Erbil’s apple farmers struggle to make ends meet
Majid Nabi, a farmer in Haji Omaran, has experienced big losses from the product on his five-dunam apple orchard.
“Out of the 25 tonnes I sent to Erbil, I have lost. I got only 6,000 IQD ($4.5),” he said, noting that he has an additional 30 tonnes of unharvested apples.
“If I harvest it and take it to Erbil, I will not even get the workers' cost. Is it fair to work to raise an apple orchard for 17 years and now lose? It costs me 500 IQD ($0.42) to produce one kilo of apples. It now sells for 350 to 400 IQD ($0.28-$0.32). I may lose about 100 IQD ($0.12) per kilo,” he added.
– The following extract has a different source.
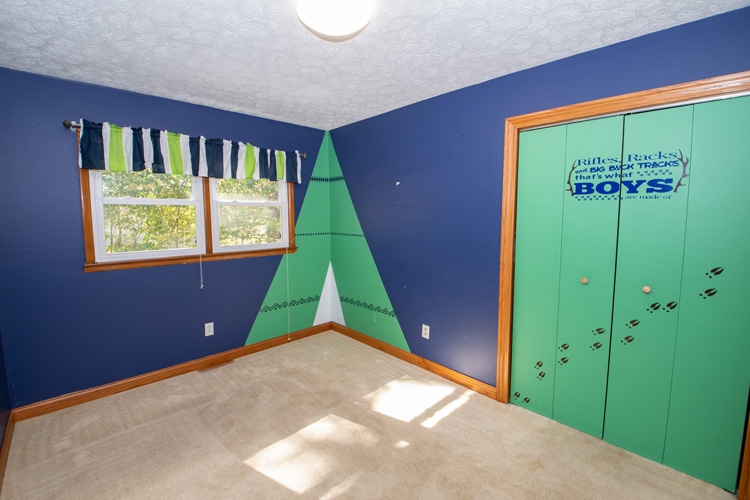 51127 Cherry Road Granger, IN 46530 - Photo 10 of 29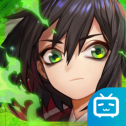 伊甸园的骄傲送充版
A lack of cold storage and juice factories have forced farmers to sell the product regardless of the losses.
Although the Kurdistan Regional Government’s ministry of agriculture has banned the importing of apples, the illegal smuggling of the fruit from Iran has proliferated.
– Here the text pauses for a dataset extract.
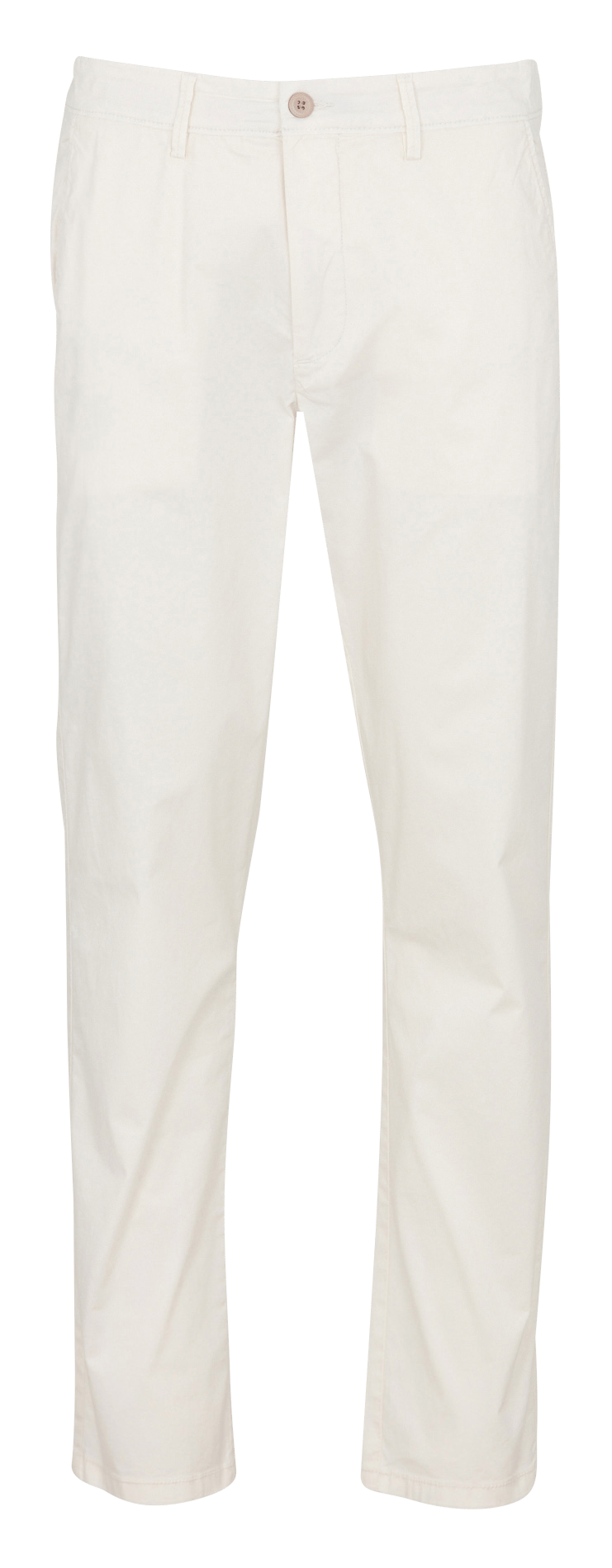 Gerade geschnittene Chino-Hose PEPE JEANS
“The apples are not even sold for 500 IQD ($0.42) per kilo. The reason for that is the import of the Iranian apples which prevent the export of our apples to other Iraqi provinces,” said Bapir Warti, a farmer from Balakayati area who brought his products to Erbil’s market on Thursday.
According to the Ministry of Agriculture, orchards make up nearly 500,000 dunams of land in the Kurdistan Region but there is no exact number of how much land grows apples.
The Kurdistan Region produces only 25% of the 200,000 tonnes of apples its residents consume a year.